Production-Grade Multi-Tenant FastAPI RAG Engine
The Engineering Challenge: To build a production-grade, multi-tenant RAG system with full user isolation, secure authentication, and a highly concurrent pipeline — all without relying on heavy abstraction layers like LangChain. The goal was to prove that first-principles engineering with raw async Python, strict data contracts, and real database testing yields a faster, more maintainable, and fully verifiable AI backend.
Core Architecture:
- Authentication & Multi-Tenancy: OAuth2 Password Bearer with JWT access tokens and bcrypt password hashing. OTP-based email verification via async SMTP (aiosmtplib) for registration and password reset. Every document and vector is scoped to a user_id — queries are isolated at the database level.
- Document Ingestion: SHA-256 file fingerprinting for deduplication, non-blocking PyMuPDF parsing offloaded via asyncio.to_thread, zero-dependency O(N) sliding-window chunking that snaps to natural punctuation boundaries, and bulk insert via asyncpg.executemany over binary protocol.
- Retrieval & Generation: HNSW vector search with cosine similarity via pgvector (<=> operator), grounded system prompts constraining the LLM to provided context, and token-by-token streaming via StreamingResponse.
- Observability: structlog JSON logging with rotating file handler and optional Better Stack cloud aggregation.
Key Technical Implementations:
- Secure Authentication & Multi-Tenancy: Complete auth system with JWT access tokens (PyJWT), bcrypt password hashing, and OTP-based email verification for both registration and password reset flows — all fully async.
- Zero-Blocking Document Ingestion: CPU-bound PyMuPDF C-extension execution offloaded to background thread pools (asyncio.to_thread), safeguarding the event loop during massive file uploads.

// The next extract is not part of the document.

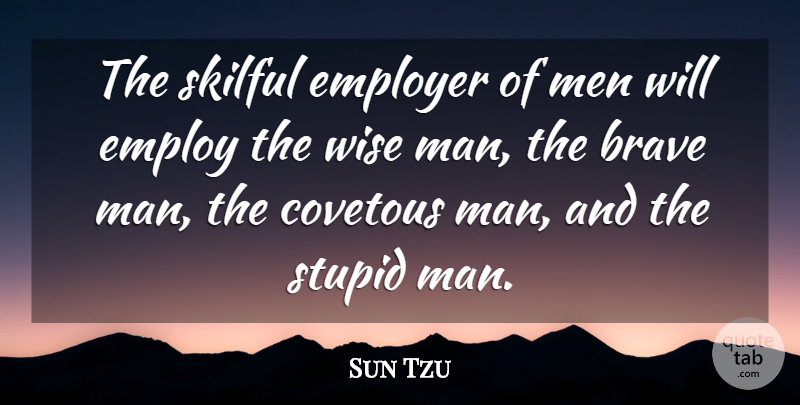 Sun Tzu Quote About Wise, Stupid, War: The Skilful Employer Of Men...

- Pure Python Semantic Chunking: Custom O(N) sliding-window text chunker that snaps to natural punctuation boundaries, preserving semantic meaning without third-party ML orchestration libraries.
- Cryptographic Deduplication: SHA-256 fingerprinting on incoming document byte streams instantly rejects duplicate files, saving GPU embedding compute and preventing vector database bloat.
- Lightning-Fast Vector Search & Streaming: HNSW indexing and cosine distance (<=>) in Postgres for millisecond retrieval. Retrieved chunks are compiled into a grounded system prompt, and the LLM response is streamed token-by-token directly to the client.
- Enterprise Observability: structlog JSON logging with rotating file handler, asynchronously piped into Better Stack for real-time cloud log aggregation.
- Exhaustive Test Suite: 468 tests across unit, integration, and API route layers achieving 100% line coverage. Integration tests run against real ephemeral pgvector containers in CI — no mocking SQL.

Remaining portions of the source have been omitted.